Jakarta (ANTARA News) - Presiden Susilo Bambang Yudhoyono diharapkan membentuk kementerian baru yaitu Kementerian Agraria dan Tata Ruang untuk menjawab berbagai persoalan tentang tanah.

Hal itu disampaikan oleh Anggota Komisi II DPR-RI dari Fraksi Partai Demokrasi Indonesia (PDI) Perjuangan, Budiman Sudjatmiko, dalam Seminar dan Diskusi bertemakan Mencari Solusi Permasalahan Pertanahan, Mempercepat Proses Pembangunan Nasional di Kampus Pasca-Sarjana Universitas Paramadina, Jakarta, Selasa.

"Ada satu persoalan yang perlu kita perhatikan soal tanah. Daripada Pak SBY menambah jumlah wakil menteri, apa yang perlu dilakukan adalah mendirikan kementerian baru yang harus bertanggung jawab soal ini. Kementerian Agraria dan Tata Ruang. Itu harus dibentuk sebenarnya," kata Budiman yang juga anggota Tim Kerja Pertanahan Komisi II DPR-RI itu.

Menurut Budiman, Badan Pertanahan Nasional yang sudah terbentuk bisa ditingkatkan menjadi Kementerian Agraria dan Tata Ruang.

"Hal ini penting karena Undang-Undang Agraria tahun 1960 sudah ada. Undang-Undang Tata Ruang juga sudah ada tapi tidak dijalankan. Padahal tata ruang itu digunakan untuk membagi mana bagian untuk infrastruktur, untuk kesejahteraan petani langsung, untuk industri, pariwisata, dan konservasi lingkungan," kata Budiman.

Setiap undang-undang yang ada harus ada konsekuensi pembentukan institusinya, kata Budiman.

"Persoalan kita adalah undang-undang yang ada tidak selalu segera diikuti dengan pembentukan institusi yang melaksanakan," kata Budiman.

Budiman mengambil contoh tindakan pemerintah yang mengulur-ulur pembentukan Badan Penyelenggara Jaminan Sosial (BPJS) sebagai pelaksana Undang-undang Sistem Jaminan Sosial Nasional (SJSN).

Oleh karena itu, Undang-Undang pokok Agraria, konsekuensinya harus ada Kementerian Agraria, kata Budiman.

"Menurut saya itu perlu sehingga segala macam kekacau-balauan penanganan soal tanah itu satu pintu seharusnya. Tidak ada yang namanya tanah ini punya BPN, tanah ini punya Perhutani, tanah ini punya Kementerian ESDM. Hal itu sebenarnya filosofi dari kenapa undang-undang pokok agraria itu ada," kata Budiman.

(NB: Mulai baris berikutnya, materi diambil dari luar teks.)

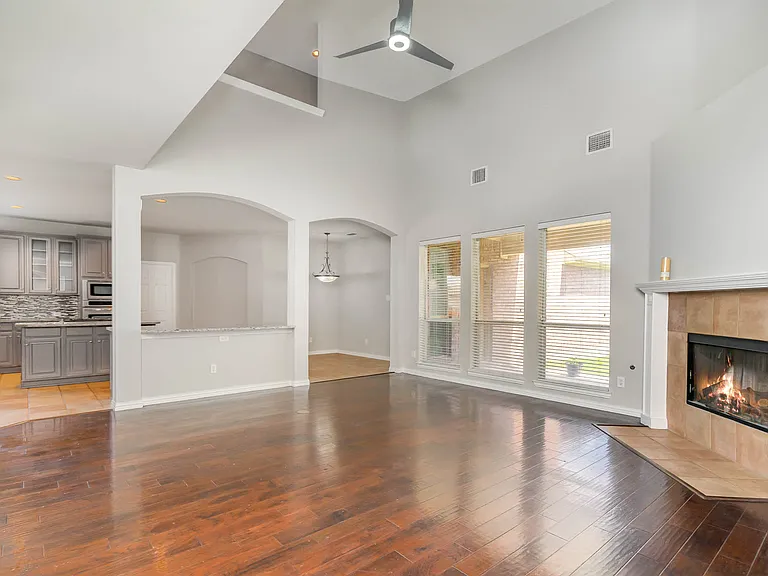 2940 Hagen Dr — Photo 8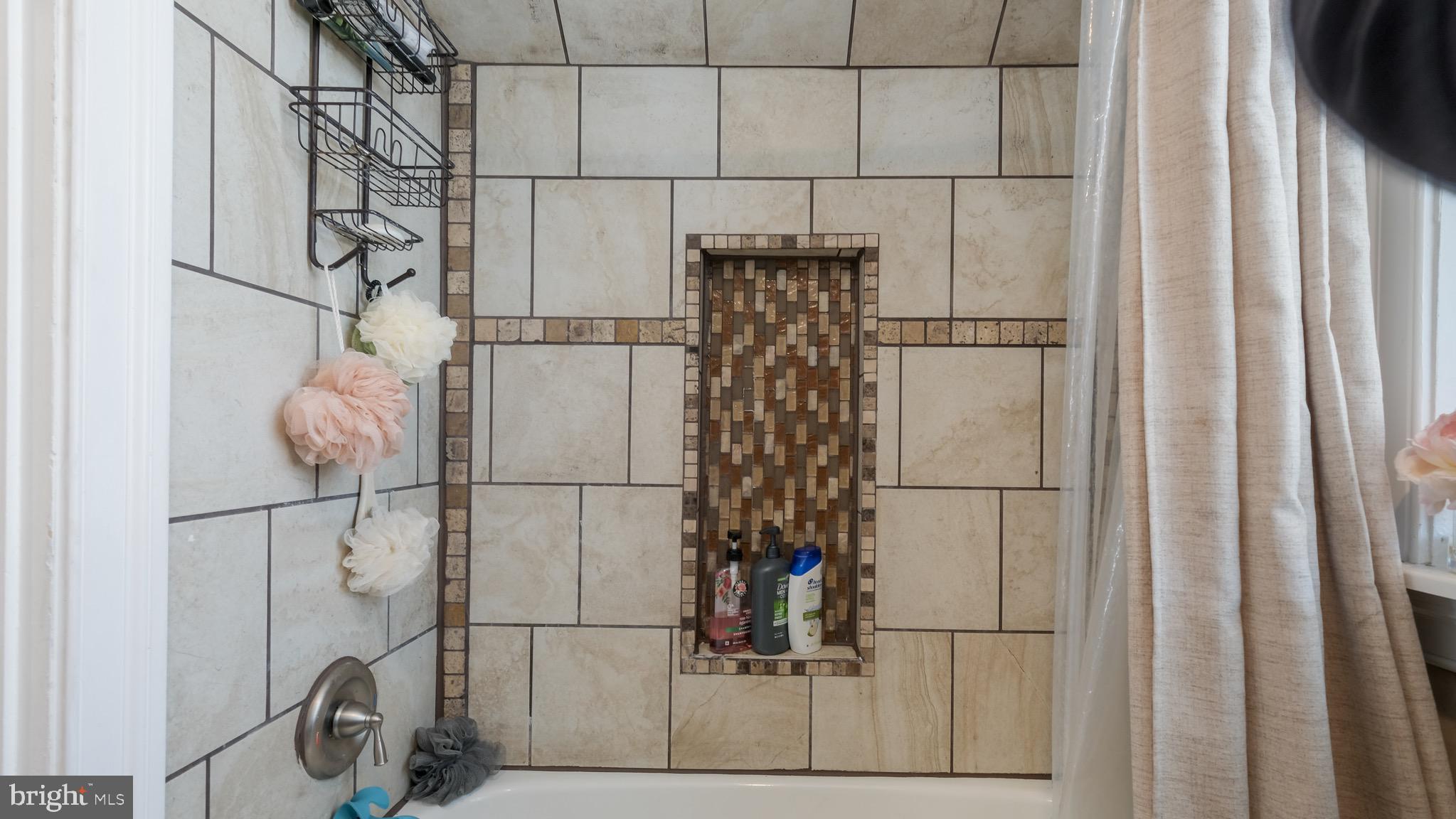 UPLAND VIL - Residential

Budiman mengatakan, amanat undang-undang agraria adalah segala pokok permasalahan yang menyangkut tanah, apa yang ada di dalam tanah, apa yang ada di atas tanah itu harus mengacu kepada satu undang-undang pokok yang konsekuensinya juga harus mengacu pada institusi-institusi tertentu.

"Persoalanya adalah soal-soal pengadaan tanah itu mau dilepaskan dari itu semua sehingga ada kesulitan bagikita untuk mencoba meyakinkan dan memastikan fungsi sosial dari tanah itu," kata Budiman.

Seminar tersebut tiba pada satu kesimpulan bahwa kesulitan dalam pengadaan tanah dinilai menjadi penghambat pembangunan nasional sehingga menyebabkan tidak kompetitifnya infrastruktur Indonesia.

Menurut para pembicara seminar, pelaksanaan pembebasan tanah dapat dipermudah dengan dua pendekatan.

"Pendekatan pertama adalah dengan memperkuat kewenangan negara untuk mengambil tanah pada harga yang ditetapkan walaupn tanpa kerelaan pemilik tanah," kata Tedy J. Sitepu, selaku peneliti sekaligus pembicara.

Pendekatan tersebut dilakukan dengan menggunakan kewenangan yang diberikan undang-undang.

Sedangkan pendekatan yang kedua adalah dengan meningkatkan keberpihakan dan penghormatan terhadap pemilik hak atas tanah dengan mengedepankan sosialiasi, negosiasi dan pemberian kompensasi yang lebih komprehensif.